За двадцать лет раньше Корб был свидетелем сцены в том же роде, но еще более выразительной. Дело было на “роскошно устроенном пире”, притом в гостях у цесарского посла. В числе приглашенной вместе с царем знати был боярин Головин, который “питал врожденное отвращение к салату и употреблению уксуса; царь велел полковнику Чамберсу возможно крепче сжать боярина, и сам стал насильно запихивать ему в рот и нос салат и наливать уксус до тех пор, пока Головин сильно закашлялся и из носа у него хлынула кровь”.
Глава Христианской Церкви в XVI веке находил удовольствие смотреть на “шутки чертей” с фра Мариано и на представление комедии, один сюжет которой заставлял краснеть соотечественников Рабле. Главе всемирного православного царства в начале XVIII века доставляло особенное наслаждение издеваться над церковными обрядами.
Мимоходом мы уже упоминали “князя-папу”, конечно, знакомого читателю хотя бы по имени. Выступление его с его коллегией кардиналов представляло собою самый диковинный (sonderbarste) номер маскарада, описанного Берхгольцем. Коллегия состояла из “величайших и распутнейших пьяниц всей России, но притом все людей хорошего происхождения”. Мы не будем повторять наивных объяснений этого “обряда”, которые повторяет Берхгольц со слов петровских придворных, что это была будто бы не то сатира на пьянство (воплощением этой сатиры с удобством мог служить сам царский двор того времени), не то издевательство над Католической Церковью, до которой Петру не было никакого дела.
Свидетельство человека, который был очевидцем основания “всешутейшей коллегии”, не оставляет никаких сомнений, что католицизм тут ни при чем. “Теперь не надобно сего забыть и описать коим образом потешной был патриарх учинен”, – начинает свое описание петровой потехи князь Куракин в своей “Гистории о царе Петре Алексеевиче”. И хотя он старается ослабить впечатление своих читателей кое-какими оговорками, что “одеяние было поделано некоторым образом шуточное, а не так власное, как на приклад патриарху”, но и он не мог умолчать, что “вместо Евангелия была сделана книга, в которой несколько склянок с водкою”, и что окарикатурение торжественного шествия патриарха на ослике в Вербное воскресенье было одною из главных потех; в этот день “патриарха” возили на верблюде “в сад набережной к погребу фряжскому”.

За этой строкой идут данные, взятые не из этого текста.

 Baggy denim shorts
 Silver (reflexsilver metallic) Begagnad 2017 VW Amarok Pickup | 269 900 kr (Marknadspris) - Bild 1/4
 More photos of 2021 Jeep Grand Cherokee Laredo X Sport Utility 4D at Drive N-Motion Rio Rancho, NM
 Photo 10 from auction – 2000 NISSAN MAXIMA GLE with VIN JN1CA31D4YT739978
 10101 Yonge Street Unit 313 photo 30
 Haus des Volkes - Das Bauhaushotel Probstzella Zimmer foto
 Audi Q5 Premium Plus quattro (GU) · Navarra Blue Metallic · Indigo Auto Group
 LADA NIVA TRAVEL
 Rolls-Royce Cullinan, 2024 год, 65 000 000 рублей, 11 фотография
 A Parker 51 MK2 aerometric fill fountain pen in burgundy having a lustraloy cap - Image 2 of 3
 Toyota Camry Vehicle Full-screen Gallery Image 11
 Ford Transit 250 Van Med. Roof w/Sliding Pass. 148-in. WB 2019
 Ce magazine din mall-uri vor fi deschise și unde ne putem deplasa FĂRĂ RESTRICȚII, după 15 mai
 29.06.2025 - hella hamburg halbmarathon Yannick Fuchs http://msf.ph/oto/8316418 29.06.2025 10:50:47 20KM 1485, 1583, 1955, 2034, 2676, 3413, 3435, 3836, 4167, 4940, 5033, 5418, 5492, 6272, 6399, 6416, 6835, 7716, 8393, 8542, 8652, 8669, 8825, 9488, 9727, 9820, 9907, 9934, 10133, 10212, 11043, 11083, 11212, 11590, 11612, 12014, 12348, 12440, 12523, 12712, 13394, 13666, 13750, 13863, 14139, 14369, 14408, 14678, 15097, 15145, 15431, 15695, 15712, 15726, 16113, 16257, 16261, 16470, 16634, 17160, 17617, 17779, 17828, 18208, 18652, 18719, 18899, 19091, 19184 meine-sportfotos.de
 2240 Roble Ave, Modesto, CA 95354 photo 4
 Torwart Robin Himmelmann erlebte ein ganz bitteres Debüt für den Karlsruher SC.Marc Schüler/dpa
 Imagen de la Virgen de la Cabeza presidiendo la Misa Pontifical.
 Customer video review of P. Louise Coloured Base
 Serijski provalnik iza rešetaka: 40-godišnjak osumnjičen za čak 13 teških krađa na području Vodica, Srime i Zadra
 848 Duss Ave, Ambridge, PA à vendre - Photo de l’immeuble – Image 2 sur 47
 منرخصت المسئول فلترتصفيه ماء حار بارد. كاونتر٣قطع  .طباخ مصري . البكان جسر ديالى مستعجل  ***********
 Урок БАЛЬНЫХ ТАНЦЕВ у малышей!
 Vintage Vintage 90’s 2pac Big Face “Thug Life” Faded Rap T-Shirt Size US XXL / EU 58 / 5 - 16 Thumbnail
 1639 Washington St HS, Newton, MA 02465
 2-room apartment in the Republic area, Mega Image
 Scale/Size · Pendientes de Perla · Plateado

А другой очевидец, Корб, оставил нам еще более наглядное описание одной из церемоний. 21 февраля 1699 года “патриарх” освящал лефортовский дворец; при этом были воспроизведены все подробности церковного обряда – курение ладаном (вместо ладана курили табаком) и т. п., а вместо креста при освящении служили две трубки, положенные поперек одна на другую. Это последнее обстоятельство чрезвычайно сильно поразило воображение набожного католика: “Кто поверит, – заканчивает свой рассказ Корб, – что составленный таким образом крест, драгоценнейший символ нашего искупления, являлся предметом посмешища?”
Но те, кто ближе был знаком с делом, поверили бы и не этому. Надругательства над Евангелием и крестом были самой невинной еще частью “шутошного” ритуала. Как в свое время очевидец не решился передать содержание представлявшейся на папском театре комедии, а только дал понять, какое впечатление произвела она на зрителей, так князь Куракин не решается подробно описывать, в чем состояла церемония поставления “патриарха”. “В терминах таких, – кратко говорит он, – о которых запотребно находим не распространять, но кратко скажем – к пьянству, и к блуду, и к всяким дебошам”.
А в описании царских потех наш автор является большим реалистом и также приводит образчики таких “шуток” Петра, которые в наше время удобнее не цитировать. Можно себе представить, о чем даже и он находил нужным молчать! (См.: Архив кн. Ф.А. Куракина, т. 1, с. 74. О церемонии избрания князя-папы кое-что сообщает Фокеродт, к которому мы и отсылаем читателя. См. также: Семевский М. Петр Великий как юморист).